Guzmán started his first band in the late 1980s, shortly after he’d been ordained and assigned to a parish in Olympia.
“I went to this parish picnic. It was really dull,” he said. “I said, ‘We need some music or something’ and they said, ‘We can’t afford that.’”
So Guzmán started rounding up musicians at the church for a band of his own. He discovered his drummer while making a counseling house call.
“(He) was considered legally blind,” Guzmán said. “I went over there and there was a huge drum set. I asked the stupid question, ‘Do you play drums?’”
Thus the “Bland Band” was formed. The title aimed to keep audience expectations low, Guzmán said.
It was the first in a long string of bands Guzmán has performed with over the years. He’s had to move a lot, as priests are frequently transferred from parish to parish.
“Every time I move, I have to start a new group,” he said.
The Bland Band was followed by the Blandeleros, the DieHards, the Jalapenos and now Bob.
Guzmán’s bluegrass band, The Priest and the Publicans, will perform at the Northwest Folklife festival in Seattle later this month. He performs in his priests’ garb, a black button down shirt with a white collar.
“(The rest of the band) wanted to dress like altar servers but I said no,” Guzmán explained.
He practices music an hour or two every day, and his instrumental range is broad.
“I’ve publicly played 10 different instruments without embarrassing myself,” he said. “Guitar, banjo, mandolin, piano, recorder, Native American flute, harmonica, electric bass and accordion.” He also plays the penny whistle.
Art is another talent, one that Guzmán has only picked up again recently. His Web site, www.armandoarts.com, displays the drawings and paintings of artists, musicians and religious figures he’s done over the years.
When Pope John Paul II died in April 2005, Guzmán, who was working at St. Mary Magdalene parish in Everett, found his talents in demand.

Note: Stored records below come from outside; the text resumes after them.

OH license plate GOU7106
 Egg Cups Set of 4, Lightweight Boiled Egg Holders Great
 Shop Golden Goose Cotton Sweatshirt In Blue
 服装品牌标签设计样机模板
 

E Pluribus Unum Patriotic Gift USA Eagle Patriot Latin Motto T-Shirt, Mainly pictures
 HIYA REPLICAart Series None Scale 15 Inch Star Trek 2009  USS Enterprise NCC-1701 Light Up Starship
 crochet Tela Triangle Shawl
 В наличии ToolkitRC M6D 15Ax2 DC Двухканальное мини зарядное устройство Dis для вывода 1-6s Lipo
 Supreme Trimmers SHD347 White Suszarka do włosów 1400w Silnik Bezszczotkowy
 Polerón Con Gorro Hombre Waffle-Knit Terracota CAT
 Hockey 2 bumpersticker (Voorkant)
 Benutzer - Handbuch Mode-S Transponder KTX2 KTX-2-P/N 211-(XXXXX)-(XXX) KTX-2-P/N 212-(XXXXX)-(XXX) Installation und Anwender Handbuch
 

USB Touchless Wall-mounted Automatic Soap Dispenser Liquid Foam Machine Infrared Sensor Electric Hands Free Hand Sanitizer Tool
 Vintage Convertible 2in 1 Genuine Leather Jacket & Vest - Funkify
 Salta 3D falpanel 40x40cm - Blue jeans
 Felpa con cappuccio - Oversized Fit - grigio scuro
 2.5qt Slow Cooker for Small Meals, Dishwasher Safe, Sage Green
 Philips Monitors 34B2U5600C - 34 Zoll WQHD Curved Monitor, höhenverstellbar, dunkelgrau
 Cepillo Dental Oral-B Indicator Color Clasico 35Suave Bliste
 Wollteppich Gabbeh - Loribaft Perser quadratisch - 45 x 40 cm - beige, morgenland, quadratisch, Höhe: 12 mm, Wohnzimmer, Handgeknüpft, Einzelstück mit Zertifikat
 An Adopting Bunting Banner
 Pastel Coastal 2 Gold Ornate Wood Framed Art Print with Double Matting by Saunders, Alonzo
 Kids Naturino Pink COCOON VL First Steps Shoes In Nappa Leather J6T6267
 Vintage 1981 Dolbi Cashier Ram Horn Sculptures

“Whenever a pope dies, you’re supposed to have a large picture of the pope with a shroud and have a mass remembering him,” Guzmán said. “We looked around and said, ‘We don’t have a big drawing.’”
So he set to work and did a three-foot high ink drawing of the pope.
“People were stunned because they didn’t know I do art,” Guzmán said. “People said, ‘You should produce (cards) and run them off.”
He went to Kinko’s and ran off small cards of the drawing, selling them for 25 cents apiece at the church.
He made $700.
“People would give me $20 for four,” he said.
Guzmán also has sold his work at auctions.
An art major in college, he worried that after he started work as a priest, he’d have no time for art. At first, he didn’t.
“I had all these requests, and just doing priest stuff I almost had a nervous breakdown,” he said. “I stopped doing art.”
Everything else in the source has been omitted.